The January 25 executive order, among other changes to enforcement policy, creates a list of priorities for removal which, at first glance, is intended to focus in large part on criminals.  As the New York Times explained in an article published the day the order was issued, however, the executive order in effect defines the notion of a criminal for these purposes to include people charged with a criminal offense but never convicted of anything, as well as anyone who has “committed acts that constitute a chargeable criminal offense” (or, more precisely, anyone believed by the immigration authorities to have done so).

These priorities thus include people quite far afield from any traditional notion of what it means to be a “criminal”.  It is, or used to be, a tradition of long standing in this country that one charged with a crime is presumed innocent until proven guilty.  The mere fact that someone has “been charged with any criminal offense, where such charge has not been resolved,” to quote from Section 5(b) of the January 25 executive order, does not make them a criminal.  They might be innocent of any wrongdoing, and might be acquitted as the criminal case moved forward.  The idea that any technically removable person will become a high priority by virtue of an unresolved charge, of which they may be completely innocent, is therefore very troubling.  While merely being a priority is not itself a basis for removal, the executive order implies that the Administration could pursue removal of someone facing unresolved criminal charges who had overstayed a nonimmigrant admission for a short period of time, or failed to file a change of address and could not sufficiently establish that the failure was non-willful or excusable.

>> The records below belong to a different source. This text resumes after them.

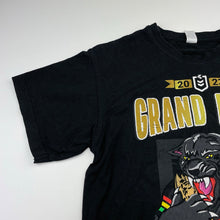 Load image into Gallery viewer, unisex 2023 Grand Final, Penrith Panthers cotton t-shirt / top, EUC, size 14,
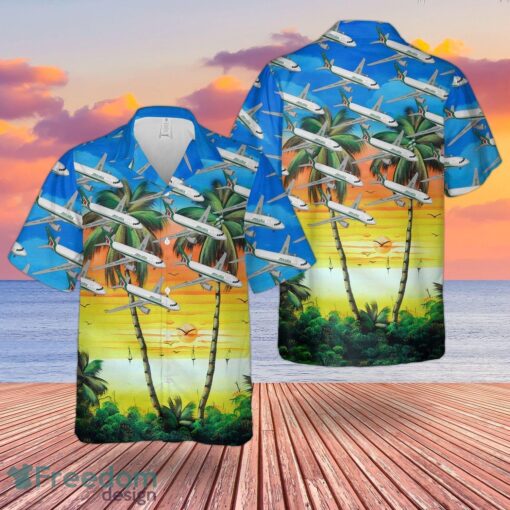 Alitalia Airbus A319-100 Hawaiian Shirt Beach Shirt Product Photo 1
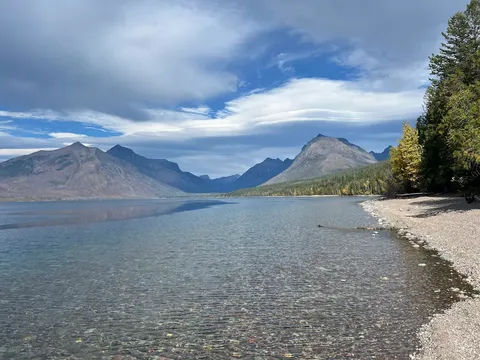 Lake McDonald, Montana, USA [OC] [1360 × 1020]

The notion that anyone who has “committed acts that constitute a chargeable criminal offense” will be a priority for removal even if not convicted of any charge is also troubling, and has broader implications than may be apparent at first glance.  Entry without inspection is a misdemeanor under 8 U.S.C. 1325, for example, so this priority could be read to apply to anyone who crossed the border without authorization, at least as an adult—even if that entry took place many years ago.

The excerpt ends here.